# Extracted records
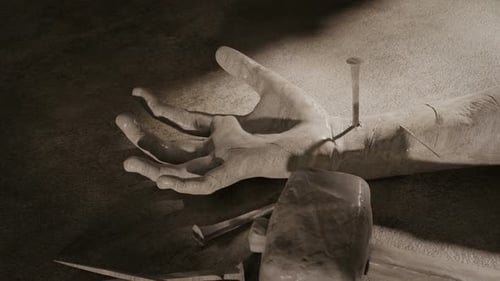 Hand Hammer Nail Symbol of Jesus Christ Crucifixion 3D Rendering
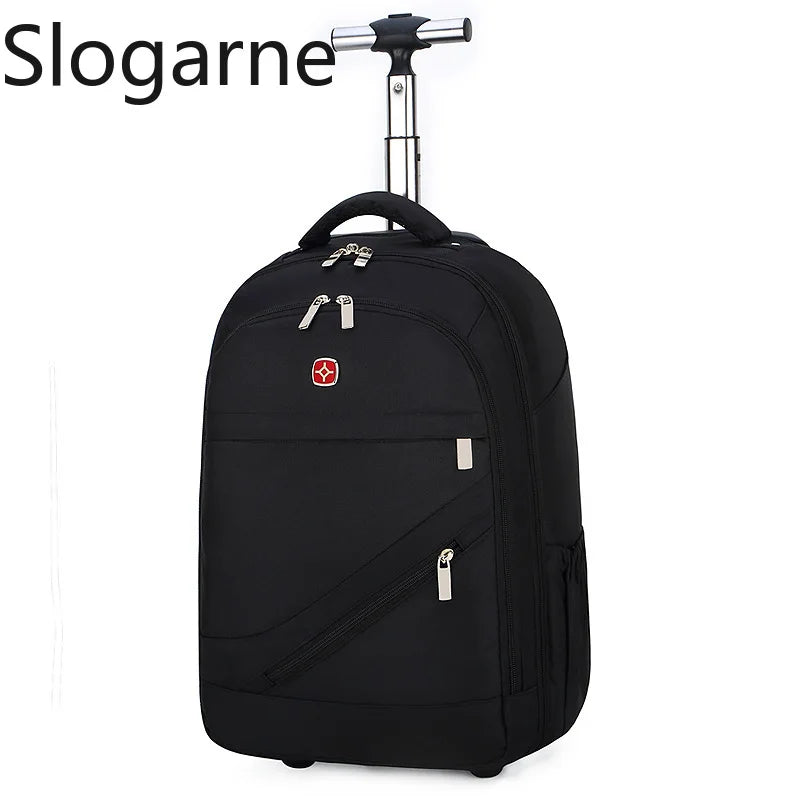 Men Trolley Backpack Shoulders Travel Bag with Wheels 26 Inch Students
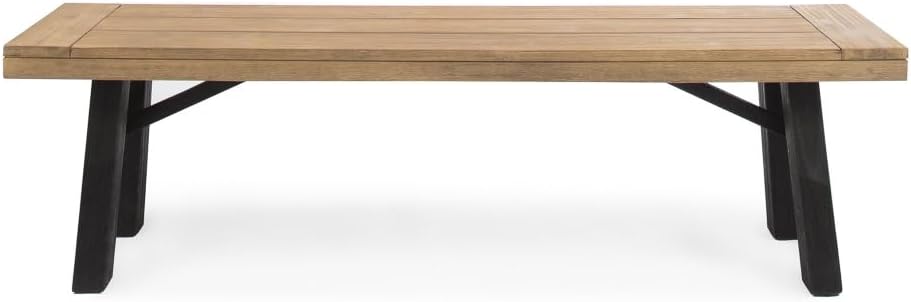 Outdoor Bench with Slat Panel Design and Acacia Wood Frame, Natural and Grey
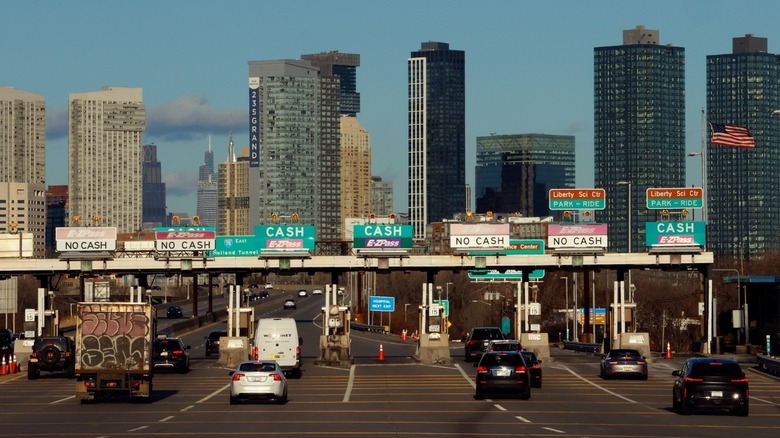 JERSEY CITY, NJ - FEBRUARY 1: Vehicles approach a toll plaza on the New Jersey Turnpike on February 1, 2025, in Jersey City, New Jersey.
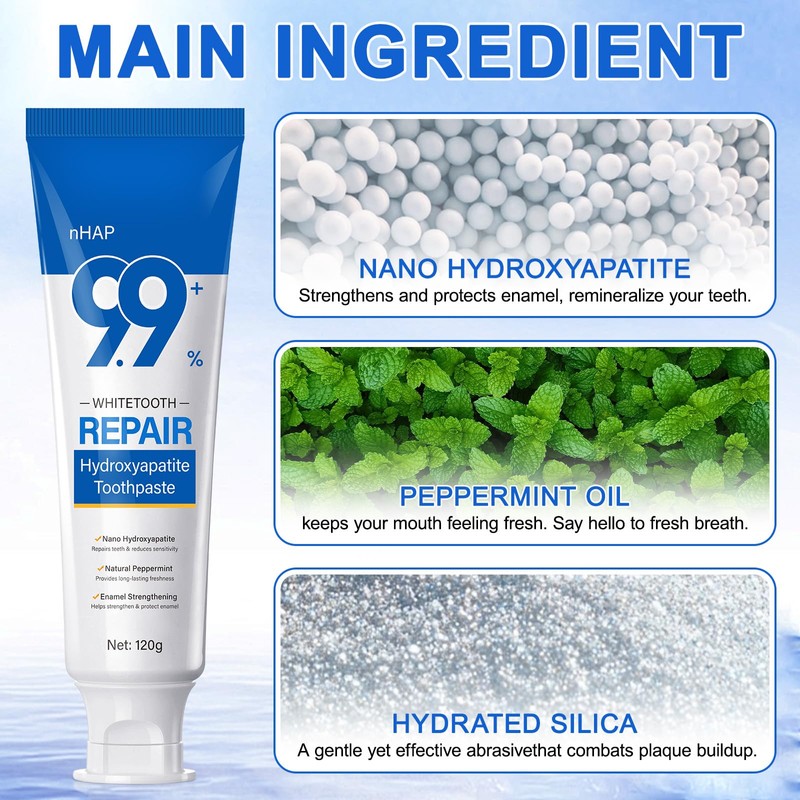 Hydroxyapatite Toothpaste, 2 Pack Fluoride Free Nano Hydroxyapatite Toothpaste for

# ABOUT THIS EXERCISE
For this exercise, copy the entries above exactly and skip any picture.

# TASK SOLUTION
 Hand Hammer Nail Symbol of Jesus Christ Crucifixion 3D Rendering
 Men Trolley Backpack Shoulders Travel Bag with Wheels 26 Inch Students
 Outdoor Bench with Slat Panel Design and Acacia Wood Frame, Natural and Grey
 JERSEY CITY, NJ - FEBRUARY 1: Vehicles approach a toll plaza on the New Jersey Turnpike on February 1, 2025, in Jersey City, New Jersey.
 Hydroxyapatite Toothpaste, 2 Pack Fluoride Free Nano Hydroxyapatite Toothpaste for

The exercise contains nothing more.